DATA IN THIS EXERCISE below:

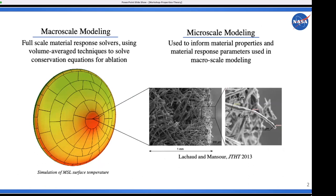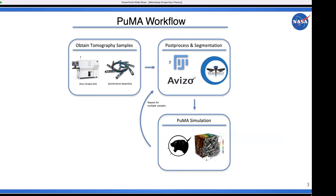I just want to briefly tie this into what Najee was talking about with volume averaging. Hopefully that gave you a taste of what the equations look like at the macro scale for volume average modeling, and why it's important to have micro-scale derived material properties to inform those macro-scale models. We're assuming you've already generated your tomography samples and gone through the processing and segmentation.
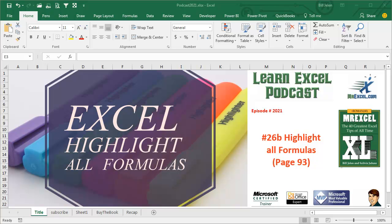Learn Excel from MrExcel Podcast, Episode 2021, Highlight All Formulas.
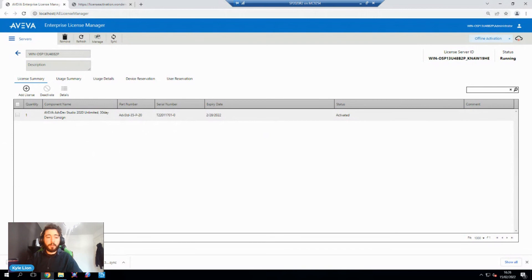So that's how easy it is to get started with your Aviva XML licenses. Thank you for watching, and if you have any questions or any issues at all, please do feel free to get in touch with us via the links below.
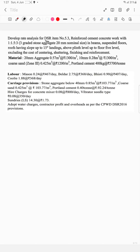Concrete mixer hire charges — 0.88 at ₹800 per day. Vibrator needle type — 0.08 at ₹350 per day. Sundries — 14.30 at ₹1.73. Additive water charges. Contractor profit and overheads as per CPWD DSR 2016 provision.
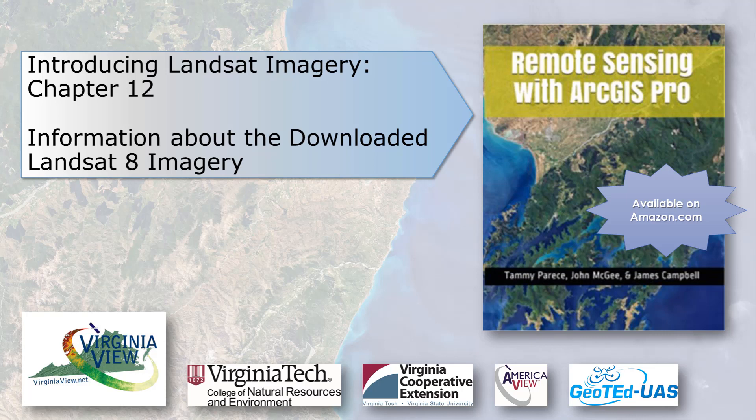This video was produced by VirginiaVue, a consortium dedicated to promoting remote sensing, outreach, education, and research through funding by the AmericaVue Consortium. This video was developed in partnership with the Virginia Geospatial Extension Program and GeoTed UAS. Its contents are solely the responsibility of the authors and do not necessarily represent the official views of AmericaVue, the USGS, or other partners. The mention of trade names or commercial products does not constitute their endorsement.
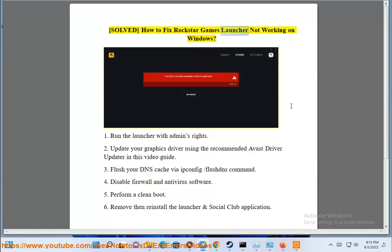Solve how to fix Rockstar Games Launcher not working on Windows. 1. Run the launcher with admin rights.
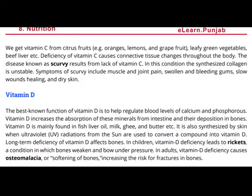Students, we have studied about vitamin C and vitamin D — their functions in the first lines, followed by sources, and then deficiency symptoms.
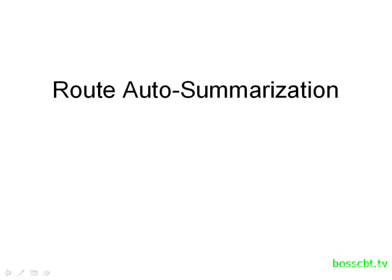Hello and welcome to this tutorial on route auto-summarization. Now in the ICND1 material, we introduced the concept of route summarization.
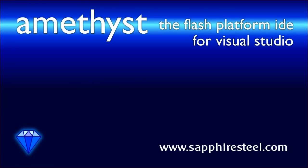For more on Amethyst Professional or to download a trial copy, visit the Sapphire Steel software website at www.sapphiresteel.com.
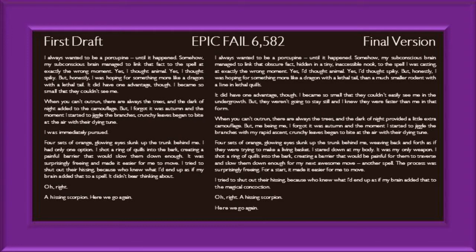"But they weren't going to stay still, and I knew they were faster than me in that form. When you can't outrun, there are always the trees. And the dark of night provided a little extra camouflage. But, me being me, I forgot it was autumn. And the moment I started to jiggle the branches with my rapid ascent, crunchy leaves began to bite at the air with their dying tune. Four sets of orange glowing eyes slunk up the tree behind me, weaving back and forth as if they were trying to make a living basket. I stared down at my body — it was my only weapon. I shot a ring of quills into the bark, creating a barrier that would be painful for them to traverse and slow them down enough for my next awesome move."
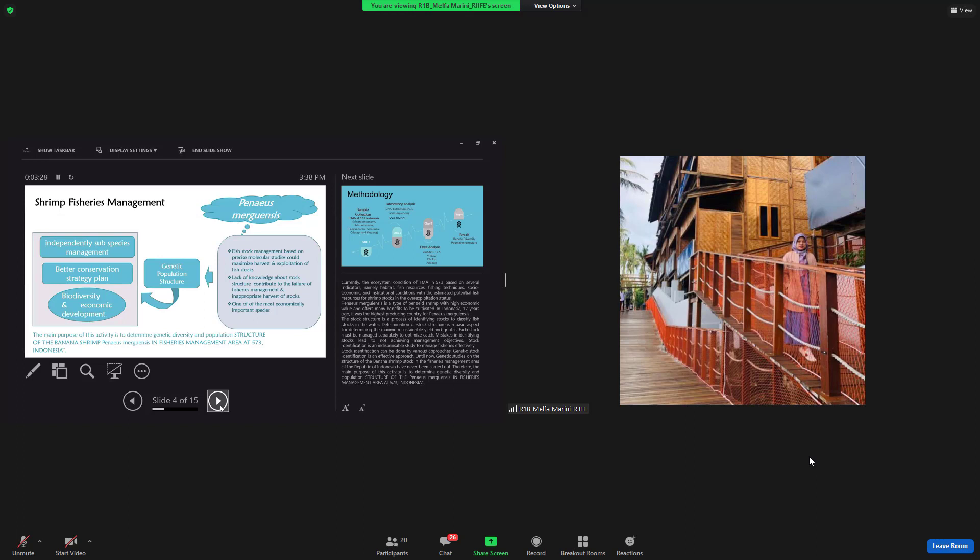Stock identification can be done by various approaches. Genetic stock identification is an effective approach. Until now, genetic studies on the structure of the banana shrimp stock in fisheries management area 573 have never been carried out. Therefore, the main purpose of this activity is to determine genetic diversity and population structure of the banana shrimp, Penaeus merguiensis, in fisheries management area 573 Indonesia.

End of DATA IN THIS EXERCISE.

ABOUT THIS TASK:
Repeat the records above exactly, omitting every picture.

PROBLEM SOLUTION:
I just want to briefly tie this into what Najee was talking about with volume averaging. Hopefully that gave you a taste of what the equations look like at the macro scale for volume average modeling, and why it's important to have micro-scale derived material properties to inform those macro-scale models. We're assuming you've already generated your tomography samples and gone through the processing and segmentation.
Learn Excel from MrExcel Podcast, Episode 2021, Highlight All Formulas.
So that's how easy it is to get started with your Aviva XML licenses. Thank you for watching, and if you have any questions or any issues at all, please do feel free to get in touch with us via the links below.
Concrete mixer hire charges — 0.88 at ₹800 per day. Vibrator needle type — 0.08 at ₹350 per day. Sundries — 14.30 at ₹1.73. Additive water charges. Contractor profit and overheads as per CPWD DSR 2016 provision.
This video was produced by VirginiaVue, a consortium dedicated to promoting remote sensing, outreach, education, and research through funding by the AmericaVue Consortium. This video was developed in partnership with the Virginia Geospatial Extension Program and GeoTed UAS. Its contents are solely the responsibility of the authors and do not necessarily represent the official views of AmericaVue, the USGS, or other partners. The mention of trade names or commercial products does not constitute their endorsement.
Solve how to fix Rockstar Games Launcher not working on Windows. 1. Run the launcher with admin rights.
Students, we have studied about vitamin C and vitamin D — their functions in the first lines, followed by sources, and then deficiency symptoms.
Hello and welcome to this tutorial on route auto-summarization. Now in the ICND1 material, we introduced the concept of route summarization.
For more on Amethyst Professional or to download a trial copy, visit the Sapphire Steel software website at www.sapphiresteel.com.
"But they weren't going to stay still, and I knew they were faster than me in that form. When you can't outrun, there are always the trees. And the dark of night provided a little extra camouflage. But, me being me, I forgot it was autumn. And the moment I started to jiggle the branches with my rapid ascent, crunchy leaves began to bite at the air with their dying tune. Four sets of orange glowing eyes slunk up the tree behind me, weaving back and forth as if they were trying to make a living basket. I stared down at my body — it was my only weapon. I shot a ring of quills into the bark, creating a barrier that would be painful for them to traverse and slow them down enough for my next awesome move."
Stock identification can be done by various approaches. Genetic stock identification is an effective approach. Until now, genetic studies on the structure of the banana shrimp stock in fisheries management area 573 have never been carried out. Therefore, the main purpose of this activity is to determine genetic diversity and population structure of the banana shrimp, Penaeus merguiensis, in fisheries management area 573 Indonesia.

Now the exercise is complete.